Zanim wydacie wyrok posłuchajcie moich wypowiedzi, których udzieliłem mediom po wystąpieniu. Mało tego natychmiast udałem się na komendę Policji, gdzie zbadano mnie alkomatem. Wynik = 0,0.
To co wydarzyło się na uroczystościach spowodowane było kwestiami technicznymi i pogłosem. pic.twitter.com/11AzYcjpzF

— Marcin Kierwiński (@MKierwinski) May 4, 2024

Szef MSWiA dodał, iż „to co wydarzyło się na uroczystościach spowodowane było kwestiami technicznymi i pogłosem”.

Do sprawy odnieśli się w portalu X politycy, m.in. wicepremier, minister obrony narodowej Władysław Kosiniak – Kamysz.

– Znam bardzo dobrze Marcina Kierwińskiego i wiem, iż jest profesjonalistą zarówno w pracy, jak i poza nią

– napisał.

Dodał, iż „przedstawione przez niego badania także nie pozostawiają wątpliwości w kwestii dzisiejszego wydarzenia”.

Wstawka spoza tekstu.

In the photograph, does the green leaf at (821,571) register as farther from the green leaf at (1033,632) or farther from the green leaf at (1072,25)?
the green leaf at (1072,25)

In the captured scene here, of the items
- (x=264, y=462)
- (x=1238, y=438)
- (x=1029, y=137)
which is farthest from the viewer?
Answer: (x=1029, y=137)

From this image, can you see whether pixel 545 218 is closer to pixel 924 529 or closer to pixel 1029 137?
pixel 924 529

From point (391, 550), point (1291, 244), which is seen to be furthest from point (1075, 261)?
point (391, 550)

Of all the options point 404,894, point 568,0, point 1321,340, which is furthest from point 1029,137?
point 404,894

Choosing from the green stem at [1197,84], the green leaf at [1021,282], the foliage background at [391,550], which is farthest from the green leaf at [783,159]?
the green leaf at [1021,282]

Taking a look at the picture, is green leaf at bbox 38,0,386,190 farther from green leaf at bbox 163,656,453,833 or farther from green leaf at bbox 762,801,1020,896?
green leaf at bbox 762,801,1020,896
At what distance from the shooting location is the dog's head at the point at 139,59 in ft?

Dalsza część tekstu pod tweetem

Znam bardzo dobrze @MKierwinski i wiem, iż jest profesjonalistą zarówno w pracy, jak i poza nią. Przedstawione przez niego badania także nie pozostawiają wątpliwości w kwestii dzisiejszego wydarzenia. Wszelkie kłamliwe insynuacje są kolejnym dowodem na brudną politykę opozycji.

— Władysław Kosiniak-Kamysz (@KosiniakKamysz) May 4, 2024

– Wszelkie kłamliwe insynuacje są kolejnym dowodem na brudną politykę opozycji

– ocenił Kosiniak-Kamysz.

Koordynator służb specjalnych Tomasz Siemoniak ocenił, iż zarzuty wobec Kierwińskiego to „absurdalny atak PiS” na ministra.

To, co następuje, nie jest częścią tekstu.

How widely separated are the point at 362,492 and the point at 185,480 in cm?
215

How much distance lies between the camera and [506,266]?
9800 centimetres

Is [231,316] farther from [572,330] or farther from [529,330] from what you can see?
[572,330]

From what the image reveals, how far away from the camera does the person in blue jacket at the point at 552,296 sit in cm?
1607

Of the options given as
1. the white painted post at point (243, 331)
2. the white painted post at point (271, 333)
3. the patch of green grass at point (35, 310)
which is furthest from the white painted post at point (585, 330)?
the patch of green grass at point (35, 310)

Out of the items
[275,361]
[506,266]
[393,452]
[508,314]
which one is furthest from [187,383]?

– Dość kłamstw i insynuacji!

– zaznaczył.

Dalsza część tekstu pod tweetem

Absurdalny atak PiS na ministra @MKierwinski – można tu sprawdzić jego wypowiedź zaraz po uroczystości. Dość kłamstw i insynuacji! pic.twitter.com/oGoQmqi3Je

— Tomasz Siemoniak (@TomaszSiemoniak) May 4, 2024

Zdaniem b. byłego wiceministra sprawiedliwości, posła Suwerennej Polski Sebastiana Kalety, Kierwiński „bardzo głupio się tłumaczy”. Zwrócił uwagę, iż marszałek Sejmu Szymon Hołownia (przemawiający tuż przed szefem MSWiA – PAP) „brzmiał +czyściutko+”.

Dalsza część tekstu pod tweetem

„Był straszny pogłos na tych uroczystościach i coś zdarzyło się z mikrofonem”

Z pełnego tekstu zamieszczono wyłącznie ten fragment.